Journeying together in Christ

The Cruciform Life: Jeremiah

The Cruciform Life: Jeremiah

by William Morrow

St. Andrew’s Presbyterian Church, Kingston ON

March 24, 2019

Texts: Jeremiah 20:7-13; Mark 15:25-39

I wonder how many of us would find the following want-ad attractive? “Prophet wanted. Must be prepared for constant conflict, physical abuse and verbal harassment. Arrest and arbitrary detention a possibility. No pay. No benefits. No time for family life.” All of you who are interested please see me after the service. I’ll be glad to help you find a competent psychotherapist or counselor.

In popular terms, Jeremiah was a whistleblower. According to Wikipedia, “A whistleblower is a person who exposes any kind of information or activity that is deemed illegal, unethical, or not correct within an organization …”[1] Well, prophets and whistleblower have a lot in common, and Jeremiah was both.

Now, Jeremiah lived more than 2,500 years ago in the ancient kingdom of Judah. At that time, Jerusalem was the capital city of Judah and the headquarters of the Church of his day. The political and religious authorities of Jerusalem were more or less the same people and they were convinced that God was on their side. But, Jeremiah, inspired as he was with the spirit of the living God, had the courage to tell them that they were wrong. He told them that if they didn’t change their ways God was going to tear the entire society down to the very ground and start all over again. No wonder Jeremiah was unpopular in the corridors of power. He blew the whistle on a corrupt government and a corrupt church. And he paid a terrible price for doing so!
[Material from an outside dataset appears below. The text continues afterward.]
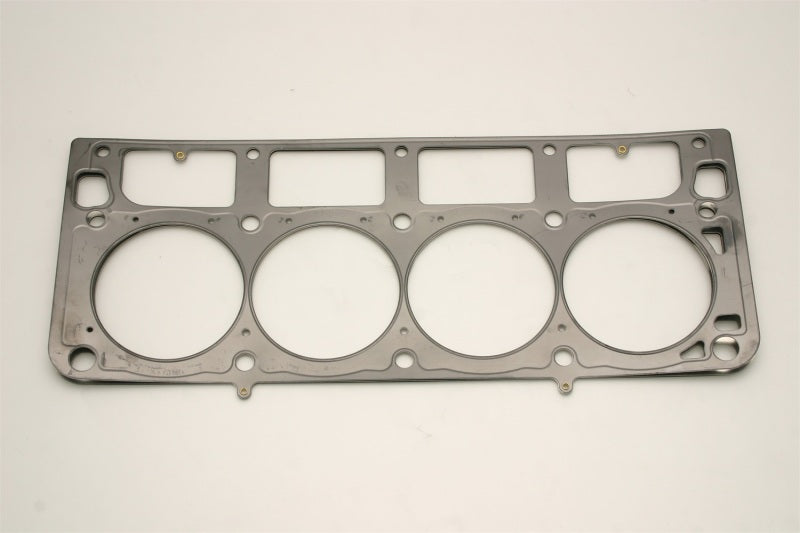 Cometic GM LS1 (w/M.I.D. Sleeves) 4.165 inch Bore .045 inch MLS Head Gasket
The biblical passage we read this morning is a vindication of the ministry of Jeremiah.[2] It’s opening words sound strange and even blasphemous to our ears. On what grounds could the prophet possibly justify to crying out, “O Lord, you have enticed me, and I was enticed.”[3] As if God tricked Jeremiah into a miserable life! However, the point of these words is that Jeremiah had no choice, even when his mission brought him “reproach and derision all day long.”[4]

As much as this prayer was directed to God, it was also directed to Jeremiah’s support group. In fact, this prayer has in mind three different audiences. If we accept the possibility that these words stem from the prophet himself,[5] then they were certainly addressed to God. But the prophet’s supporters needed to hear this prayer also, in order to be convinced of Jeremiah’s innocence and the validity of his mission. After all in the ancient world the normal conclusion that would be drawn, when people were in as much trouble as Jeremiah, was that they must have offended God and that their sufferings were deserved.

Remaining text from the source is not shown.